Um das Nervensystem zu beruhigen ist es sinnvoll, auf regelmässige Bewegung, gesunde Ernährung, genügend Schlaf und Raum für Reflexion zu achten. Auch wenn sich dies banal anhört – schau mal, ob du diesen Aspekten genügend Wichtigkeit gibst, wenn du unter Stress stehst.
Im Folgenden eine Reihe von Bewältigungsstrategien und Ansätzen, die jedoch keinen Anspruch auf Vollständigkeit erhebt.
- Stressoren reduzieren: Kannst du Aufgaben komplett delegieren? Ablehnen? In Einzelschritte aufteilen oder im Team aufteilen?
- Ursachen herausfinden: Um deinen Stress an der Wurzel zu packen, lohnt es sich auf Ursachenforschung zu gehen. In der Toolbox beschreibe ich dir hierfür eine Übung ausführlich. Diese hilft dir bei der Reflexion und im Anschluss erkennst du Muster und kannst gezielt Veränderungen angehen.
- Akzeptanz: Eine akzeptierende Haltung einzunehmen hilft, dass du dich nicht allzu sehr in Probleme verstrickst. Es geht nicht darum die Augen vor Problemen zu verschliessen, sondern darum zu akzeptieren, dass Probleme, die Stress verursachen nunmal zum Leben dazu gehören.
- Positives Denken: Hier geht es nicht darum, die Probleme schönzureden. Viele Menschen neigen jedoch dazu, Probleme gross zu machen, sich Worst-Case-Szenarien auszumalen, zu klagen. Dann kann es schnell passieren, dass du übersiehst, was alles gut läuft, was du bereits geschafft hast und dass dir viele Ressourcen zur Verfügung stehen.

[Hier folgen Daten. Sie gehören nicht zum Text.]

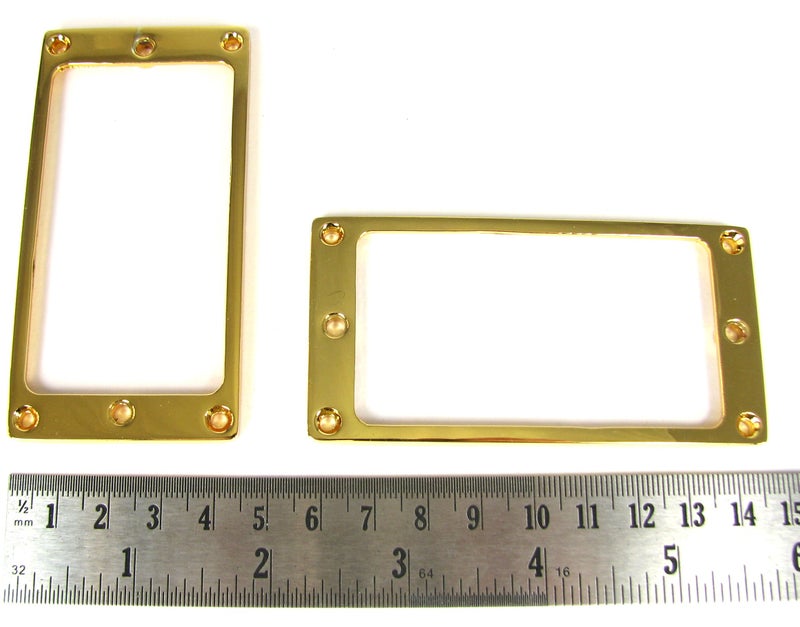C. B. Gitty 2pc. Gold Humbucker Pickup Mounting Rings for Guitar - Full-Size with Flat Profile - Image 2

- Wechsel von der Problemorientierung zur Lösungsorientierung: Wenn Stress Überhand nimmt, fokussieren wir uns meist auf die Probleme. Ein Perspektivenwechsel kann hier Wunder wirken. Schau nach Lösungen, nach kleinen Schritten, die dich näher an dein Ziel führen. Wenn die Problemfokussierung besonders gross ist, kann es sinnvoll sein, dass du dich zwingst, mindestens zehn Lösungen zu finden. Dabei wird dein Denken in andere Bahnen geleitet, Kreativität kommt wieder auf und eine passende Strategie kann sich entwickeln.
- (Selbst-) Verantwortung: Wenn du in der Stressspirale steckst, kann es leicht passieren, dass du in eine Opferhaltung fällst. Obwohl du tatsächlich nicht für alle Probleme verantwortlich bist, hilft dir dies leider nicht weiter. Um wieder aktiv handeln zu können, musst du Verantwortung übernehmen. Verantwortung über deine Handlungsmöglichkeiten.
- Soziale Kompetenzen erweitern: Der Mensch ist ein soziales Wesen. Unter Stress werden die Flucht-Kampf-Totstell-Strategien in den Vordergrund gerückt. Damit ist die Kommunikation plötzlich nicht mehr wichtig. Was bei der Begegnung mit dem Säbelzahntiger nützlich war, hat beim heutigen Dauerstress aber negative Auswirkungen auf unsere Beziehungen. Die Kommunikation wird unter Stress schlechter. Das bedeutet, dass wir in stressigen Zeiten besonders auf unsere sozialen Kompetenzen achten müssen und diese in ruhigen Zeiten auch erweitern und stabilisieren dürfen.
- Selbstwirksamkeit: Übermässige Unsicherheit ist eine nicht dienliche Stressreaktion. Wenn du unter Stress stehst und weisst, dass dein eigenes Handeln Wirkung zeigen wird, wirst du gut aus der Situation herauskommen. Es geht also darum, dass du dir über die Wirksamkeit deines eigenen Handelns bewusst bist.
Zusammenfassend geht es darum, dass du Stressoren reduzierst, wo immer dies möglich ist und gleichzeitig mit Hilfe deiner Ressourcen Bewältigungsstrategien entwickelst. Ressourcen sind einzigartig und sie liegen in jeder Einzelnen von uns. Daher solltest du deine eigenen Ressourcen kennen und diese auch bestmöglich ausbauen. Wenn du aktuell noch wenig Zugang zu deinen Ressourcen hast, lohnt es sich diese wiederzuentdecken. Dabei können dir auch die obigen Impulse helfen.